The Consul at Taipei (Edgar) to the Secretary of State

No. 48

Sir: I have the honor to report that during the absence of Consul General Macdonald in Canton on consultation, Hsia Tao-sheng called at this office stating that he is a member of the Standing Committee of the Young China Party and concurrently Minister of Organization of the Party, which currently has a membership of 300,000 in China, mostly in the West and requesting opportunity of discussing the White Paper4 which he had read in USIS5 summary form. His interpreter was a Mr. Emile Hsia.

[Page 504]

Hsia started the discussion with a statement of his satisfaction with the White Paper conclusion that the Chinese Communists were in fact Communists and not agrarian reformers and that the current troubles in China were more than a local civil war. He said that this was a great step forward for the State Department and was encouraging to all factions in free China. He then followed with the opinion that all that was said about graft, corruption, and inefficiency in the Kmt6 was correct and could be expanded.

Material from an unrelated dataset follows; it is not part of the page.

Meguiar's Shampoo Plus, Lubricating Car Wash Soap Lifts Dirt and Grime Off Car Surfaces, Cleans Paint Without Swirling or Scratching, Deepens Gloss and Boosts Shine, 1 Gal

These things he said led Chinese to the hope that the United States would announce a new China policy, but the White Paper had failed to give clear indication of the probable direction. He was interested in knowing what direction Washington current thinking was taking subsequent to the publication of the White Paper. Since the rapid growth of the Chinese Communist Party after the war gave conclusive proof of foreign support, he believed that any opposing democratic force would need comparable foreign support. In his opinion China could still be saved and it would be disastrous if American aid were withheld until after the entire mainland was lost. Recovery would be harder than retention. But, he emphasized, the time is very late and prompt steps must be taken.

He then came to the main point of his visit and asked if the United States had already selected the democratic force that it was willing to support in substitution for the Gimo and the Kmt. His party, he claimed, had had no defections to the Communists, was well organized, represented the most liberal elements and stood for the most democratic principles. But, unlike the situation in the United States and the European countries, no democratic force can have any effect on the Chinese national picture while it is out of power. Only when in power can any party be effectual in any degree. He hoped that America would give consideration to the possibilities of his party. It was already larger than the Communist Party had been after the war.

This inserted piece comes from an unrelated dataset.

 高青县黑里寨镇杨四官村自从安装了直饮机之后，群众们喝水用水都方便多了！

In reply to these statements and questions I replied that in my opinion there was no great change of view regarding the CCP and the civil war. Undue publicity given certain individuals’ statements had confused many regarding the official American attitude toward the problem. The White Paper attempted to clarify this, not make public new and radical evaluations. As regards the morality of the Kmt, I expressed the personal opinion that graft, corruption, and poor government had all become characteristics of China long before the creation of the Kmt, but that as the Kmt had become more firmly entrenched these had only become more open and prevalent and that consideration for the welfare of the people had given way to prime consideration for the Kmt party. But I had no personal illusions that any new party which might come to power would be naturally free [Page 505] of the tendency. So long as government failed to pay adequate compensation to government employees, including the military, the employees had necessarily to augment their incomes in some way. I said that any correction of this greatest curse would result only from a concerted campaign to correct both the psychological and economic causes. So long as the people of the country countenanced graft and corruption in government it would continue. The problem was one of education of the masses since the evil now went clown to the smallest of hsien officials and was generally accepted. It was only more evident at the national level.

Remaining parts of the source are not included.